I actually think the thrust of this video is that it's a misleadingly simplistic claim, wouldn't you say?
@@georgeholloway3981 It's a generalization based on dubious facts presented in a (biased) study of dated economies. It's also a sensationalist and alarming claim without citing any substance. Bold statements require bold proofs to be taken seriously, anything else is just advertising.
@@georgeholloway3981 I don't know. My takeaway was that it's murky but there appears to be a certain validity to a claim of that nature. So actually it's perhaps your comment that's misleadingly simplistic.
You are legitimately the only youtuber I have clicked the bell icon for 🤣🤣 as soon as your vids go live or as soon as I wake up in the morning I watch your vids as soon as I can, you have taught me so much and just like Neil de grass Tyson says, you have taught me how to think more scientifically and logically, not mentioning all the crazy fucked up things about how the world economy works that really I don't think I would have known otherwise and the way you put that information into such a well made interesting video should be commended and I really wish you had 10 million more subs and viewers per vid, as the ceo of the US Central bank said if I remember correctly even thought I'm paraphrasing "if more people knew how the world economy works there would be a revolution within a day" keep it up if you can bro and I just hope you can coast off this for the rest of your life. Much luv
Thanks mate, that's amazing to here, your comment made my night :)
I've got simple tastes and I'm pretty sure that I'm in the 1%, which together mean that I genuinely struggle to spend more than about 10% of my income.

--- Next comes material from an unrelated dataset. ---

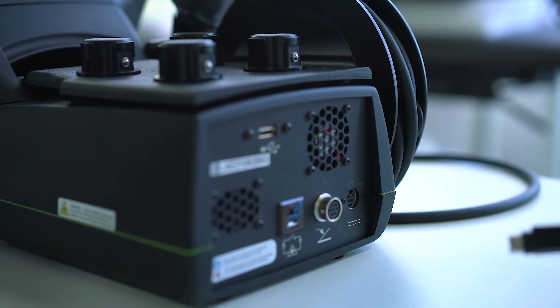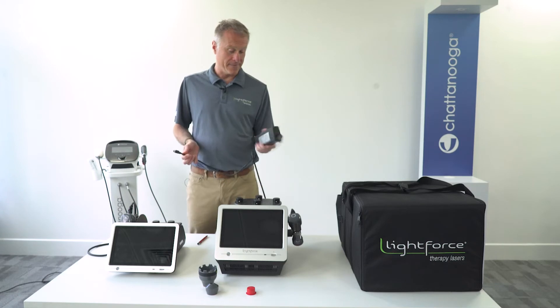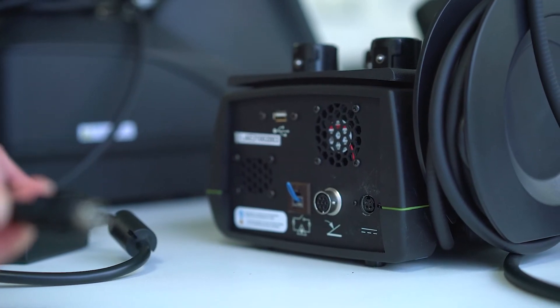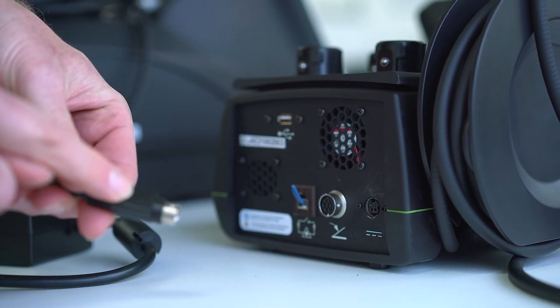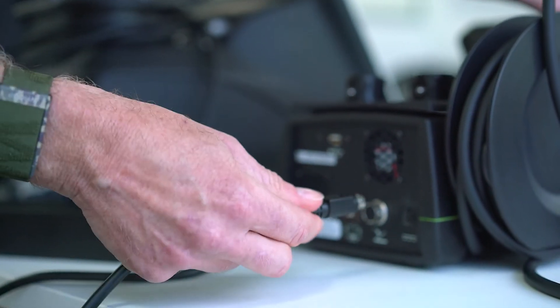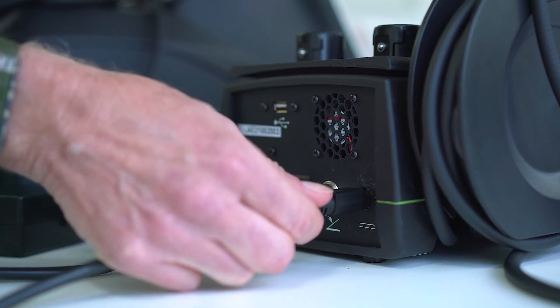For the FXI model, in order to keep the compact design, there's an external AC charger. When inserting the power cable, there's a flat side with an arrow on top — make sure that that's facing upwards when inserting into the port on the far right side at the back of the laser.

One of the main reasons why I don't just pack it all in and live out the next four or five decades in leisure is the fact that not working is associated with much higher rates of morbidity. I'd love to be able to get a bit more granularity on some of these statistics so that I can make better informed life-choices.
great video as always, thank you
you are welcome, glad you enjoyed :)
Great vid as always
This time , in my 21 years of age is the most depressing period I’ve ever been in . I’ve been unemployed since February of 2020, and have been unable to find any employment ever since . This is extremely depressing .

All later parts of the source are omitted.